Now, it emerges that Khan and co-producers UTV have officially bought the remake rights from Metro Goldwyn Mayer.
"The plot of the film (of pretending to shoot a film to get away with a robbery) is the same as
After The Fox, which is very funny," says Khan. "But for some reason, the film didn't do well at that point, I don't know why. And we've changed everything else. Akshay isn't a master of disguise, the girl isn't his sister, we're on a moving train, and the villains have been changed.
Everything's made bigger and brighter, and more relevant to today's scenario."
"And I haven't tried even once to make Akshay act like Peter Sellers," she added.
Italian neorealist master De Sica, best known for the 1948 classic
Bicycle Thieves, ventured into spoofy territory with
After The Fox, a 1966 comedy featuring Peter Sellers as a master of disguise who mounts a fake film production in order to get away with a daring gold heist.

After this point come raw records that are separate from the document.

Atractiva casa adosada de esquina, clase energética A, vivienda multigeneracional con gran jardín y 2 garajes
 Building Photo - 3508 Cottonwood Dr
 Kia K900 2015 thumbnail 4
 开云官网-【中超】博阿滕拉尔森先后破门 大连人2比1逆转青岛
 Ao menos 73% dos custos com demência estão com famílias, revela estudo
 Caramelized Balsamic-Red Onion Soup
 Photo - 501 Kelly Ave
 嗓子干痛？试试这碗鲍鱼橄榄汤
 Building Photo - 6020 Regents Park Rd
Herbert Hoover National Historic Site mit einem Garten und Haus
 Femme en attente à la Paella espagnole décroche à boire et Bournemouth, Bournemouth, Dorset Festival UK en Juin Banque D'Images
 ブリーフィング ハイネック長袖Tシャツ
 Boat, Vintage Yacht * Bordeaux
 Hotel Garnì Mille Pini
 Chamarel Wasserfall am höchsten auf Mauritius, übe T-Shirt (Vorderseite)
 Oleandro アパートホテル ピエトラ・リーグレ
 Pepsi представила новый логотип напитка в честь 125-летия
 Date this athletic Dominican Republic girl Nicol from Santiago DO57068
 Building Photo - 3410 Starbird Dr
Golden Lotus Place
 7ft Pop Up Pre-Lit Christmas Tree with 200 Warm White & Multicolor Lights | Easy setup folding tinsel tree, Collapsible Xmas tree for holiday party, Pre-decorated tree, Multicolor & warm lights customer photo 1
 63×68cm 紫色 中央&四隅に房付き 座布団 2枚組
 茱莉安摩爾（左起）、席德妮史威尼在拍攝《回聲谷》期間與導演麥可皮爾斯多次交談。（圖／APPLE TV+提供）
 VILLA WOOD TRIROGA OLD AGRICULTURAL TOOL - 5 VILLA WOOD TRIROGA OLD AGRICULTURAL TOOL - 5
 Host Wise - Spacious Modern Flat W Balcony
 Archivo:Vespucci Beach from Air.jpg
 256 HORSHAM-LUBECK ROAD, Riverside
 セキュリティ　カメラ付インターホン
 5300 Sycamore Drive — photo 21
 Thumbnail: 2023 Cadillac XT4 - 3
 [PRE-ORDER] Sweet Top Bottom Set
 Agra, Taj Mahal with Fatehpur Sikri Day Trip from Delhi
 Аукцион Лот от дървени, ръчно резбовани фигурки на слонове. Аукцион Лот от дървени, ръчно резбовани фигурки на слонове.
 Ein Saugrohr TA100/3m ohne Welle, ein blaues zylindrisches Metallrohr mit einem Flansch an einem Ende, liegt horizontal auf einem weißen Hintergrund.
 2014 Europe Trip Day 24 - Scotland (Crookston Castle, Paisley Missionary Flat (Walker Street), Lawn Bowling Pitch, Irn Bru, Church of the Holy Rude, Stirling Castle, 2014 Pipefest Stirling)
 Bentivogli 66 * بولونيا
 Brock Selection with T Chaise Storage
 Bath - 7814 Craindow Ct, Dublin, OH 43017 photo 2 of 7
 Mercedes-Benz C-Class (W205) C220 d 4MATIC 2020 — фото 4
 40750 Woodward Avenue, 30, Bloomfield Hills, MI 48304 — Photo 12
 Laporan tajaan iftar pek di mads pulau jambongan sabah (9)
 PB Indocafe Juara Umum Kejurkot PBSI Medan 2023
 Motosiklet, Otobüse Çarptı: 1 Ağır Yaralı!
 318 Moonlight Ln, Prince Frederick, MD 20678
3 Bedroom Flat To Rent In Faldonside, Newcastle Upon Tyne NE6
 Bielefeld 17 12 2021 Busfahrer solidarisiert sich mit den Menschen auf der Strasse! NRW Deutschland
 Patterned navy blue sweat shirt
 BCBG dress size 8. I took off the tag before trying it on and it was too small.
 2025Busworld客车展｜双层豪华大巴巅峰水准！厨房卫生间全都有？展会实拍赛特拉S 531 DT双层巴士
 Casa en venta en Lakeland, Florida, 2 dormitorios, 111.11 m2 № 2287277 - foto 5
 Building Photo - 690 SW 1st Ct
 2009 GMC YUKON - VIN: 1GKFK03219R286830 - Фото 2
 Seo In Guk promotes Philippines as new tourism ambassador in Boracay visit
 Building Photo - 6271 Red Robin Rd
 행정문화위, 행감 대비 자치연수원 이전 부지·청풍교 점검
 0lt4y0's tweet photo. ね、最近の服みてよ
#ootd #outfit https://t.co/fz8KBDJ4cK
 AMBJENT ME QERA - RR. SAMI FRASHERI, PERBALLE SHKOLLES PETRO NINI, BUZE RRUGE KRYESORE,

In the process, the filmmaker lampooned fellow filmmakers Michelangelo Antonioni, Federico Fellini and himself, among various other cinematic luminaries. Clearly this gives Khan, the director of
Om Shanti Om, quite the room for Bollywood-spoofing.
"I'm always torn apart by critics for my stories, and this time I can say the joke's on them and the story is by Neil Simon," laughs Farah, two days ahead of Tees Maar Khan's release.